Your problem will be ensuring the cost covers the correct level of security also. I'd imagine in the education side of IT support, you always have one smartarse trying to make life difficult for you.


Not really, everything gets implemented with security in mind.


Gaz

posted on 12th Jul 15 at 22:02

quote:
Originally posted by willay
its a college, will come down to cost vs amount of calls we have logged in the past for password resets.


Your problem will be ensuring the cost covers the correct level of security also. I'd imagine in the education side of IT support, you always have one smartarse trying to make life difficult for you.


Richie

posted on 12th Jul 15 at 21:08

For any of our clients that want self service password resets we use Quest Password Manager - pretty cheap if you have a good relationship with Dell.

Also has a handy feature for remote / VPN users where it caches the user reset info and allows for resets / unlocks when the user has no connectivity :)


LukesCorsaSXi

posted on 12th Jul 15 at 19:30

quote:
Originally posted by Andrew
If a user can't rememeber their own password, good luck getting them to go thorugh a series of questions.

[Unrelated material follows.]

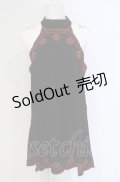 GOTHその他 / 刺繍ホルタ-トップス L クロ×オレンジ O-25-04-30-1141-EL-TO-OW-OS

They're questions for which the answers do not change. For example; What is your maiden name? Or, what was your first car?


willay

posted on 12th Jul 15 at 18:40

its a college, will come down to cost vs amount of calls we have logged in the past for password resets.


Gaz

posted on 11th Jul 15 at 21:21

I'm sure we have Manage Engine installed in work too but not live yet, but my old place used Quest IIRC.

Either way they are all the same from the front end, you need to work out what requirements you want from the back end and then simple design and promote it to your user base.

No-one likes having to do it themselves but the pro's far out way the con's for this type of tool especially if your are a 24/7 business.


Andrew

posted on 11th Jul 15 at 16:22

If a user can't rememeber their own password, good luck getting them to go thorugh a series of questions.


LukesCorsaSXi

posted on 11th Jul 15 at 08:43

We use SSRPM - when a user signs in they are asked 5 questions. If a user wants their password resetting our first line guys usually go through the questions they have used and answer them accordingly.

Once setup a user is required to be in a certain OU group to push the initial SSRPM setup out to them.


Neo

posted on 10th Jul 15 at 13:35

I looked into it before and trialed manage engine AD manager which worked well but was very expensive. Was a while back now though


willay

posted on 10th Jul 15 at 10:36

re: subject, anyone maintain a system like this at the moment? We would like our Active Directory users to be able reset their passwords using custom questions and or other methods. Currently looking at LANDesk Password Central - interested to see what else is out there?